All the lines below need to be transcribed exactly. Pictures get left out.

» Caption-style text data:
= = = = =
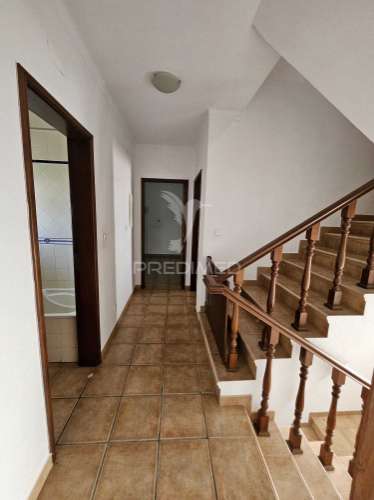 Moradia t3 com quintal - garagem - bairro europa- elvas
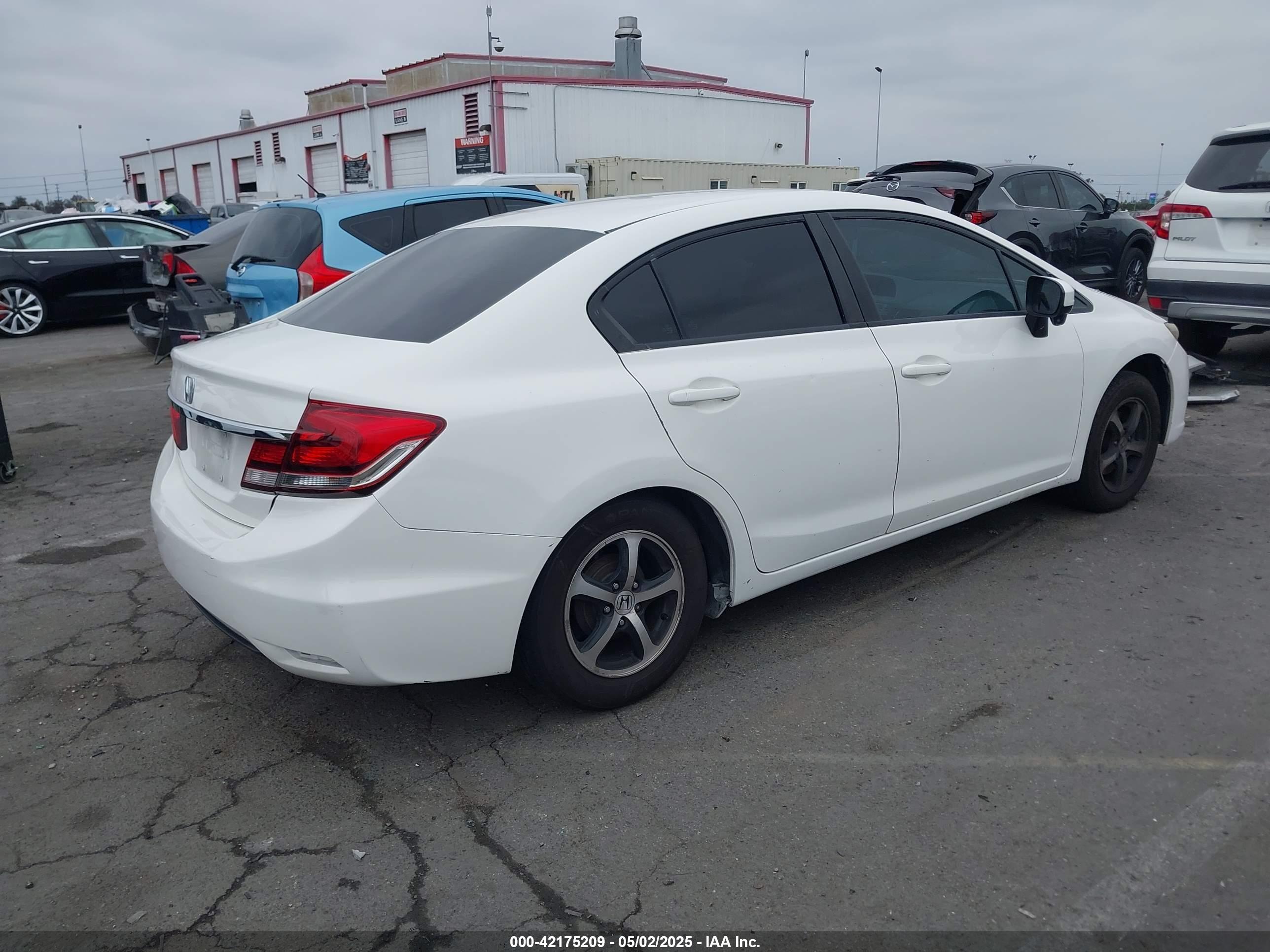 HONDA CIVIC image 4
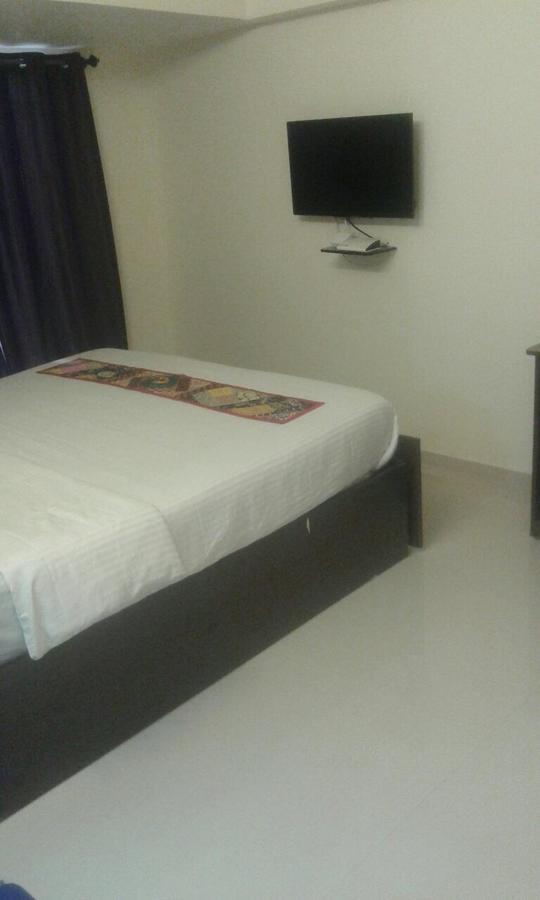 Poonam Hieghts Bed & Breakfast Mumbai Dış mekan fotoğraf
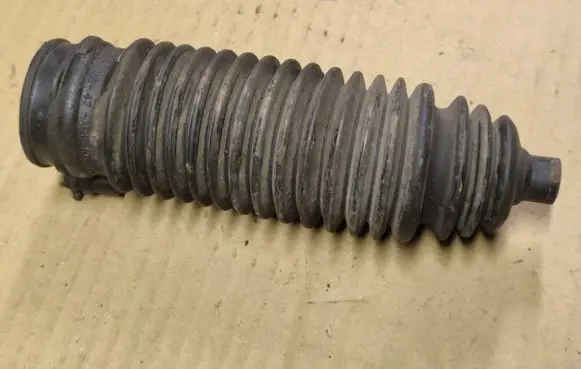 Chrysler PT Cruiser Steering tie rod boot 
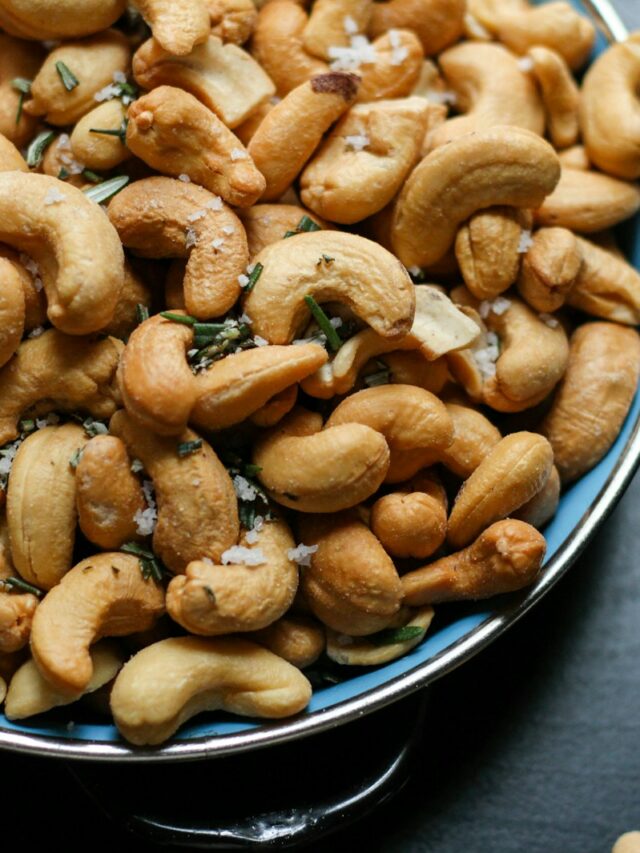 12 Surprising Benefits Of Eating Cashews Daily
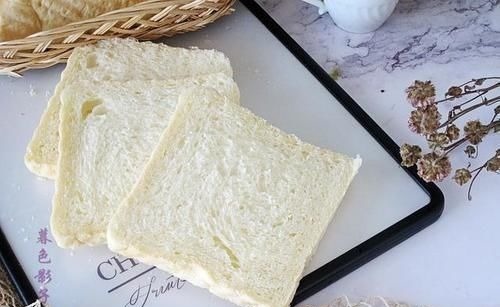 喜欢吃面包，隔几天就做一个，比蒸馒头都简单，喧软拉丝真好吃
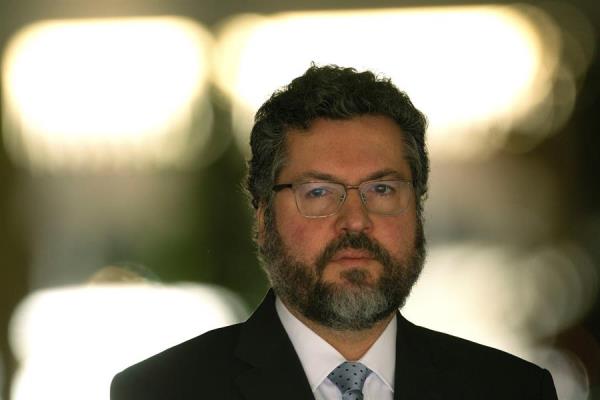 Canciller de Brasil, Ernesto Araújo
= = = = =
» EXPECTED ANSWER:
 Moradia t3 com quintal - garagem - bairro europa- elvas
 HONDA CIVIC image 4
 Poonam Hieghts Bed & Breakfast Mumbai Dış mekan fotoğraf
 Chrysler PT Cruiser Steering tie rod boot 
 12 Surprising Benefits Of Eating Cashews Daily
 喜欢吃面包，隔几天就做一个，比蒸馒头都简单，喧软拉丝真好吃
 Canciller de Brasil, Ernesto Araújo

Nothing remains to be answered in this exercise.